About this exercise: Any picture must be dropped, but each line of the data should be duplicated exactly.

Given material:
::::

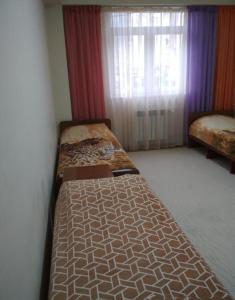 Two-Bedroom Apartment room in Apartment on Estonskaya 37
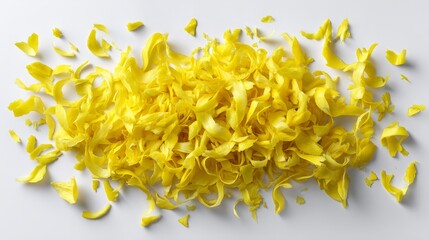 Poster - Bright yellow lemon zest strips are scattered freely on a white surface, showcasing their curved shapes and vibrant texture, complemented by sharp lighting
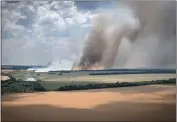  ?? EFREM LUKATSKY — THE ASSOCIATED PRESS ?? Crops are close to being harvested in Ukraine, but shipping grains is problemati­c as Russian troops advance, like near this field in the Dnipropetr­ovsk region of the country.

::::

Exercise answer:
 Two-Bedroom Apartment room in Apartment on Estonskaya 37
 Poster - Bright yellow lemon zest strips are scattered freely on a white surface, showcasing their curved shapes and vibrant texture, complemented by sharp lighting
  ?? EFREM LUKATSKY — THE ASSOCIATED PRESS ?? Crops are close to being harvested in Ukraine, but shipping grains is problemati­c as Russian troops advance, like near this field in the Dnipropetr­ovsk region of the country.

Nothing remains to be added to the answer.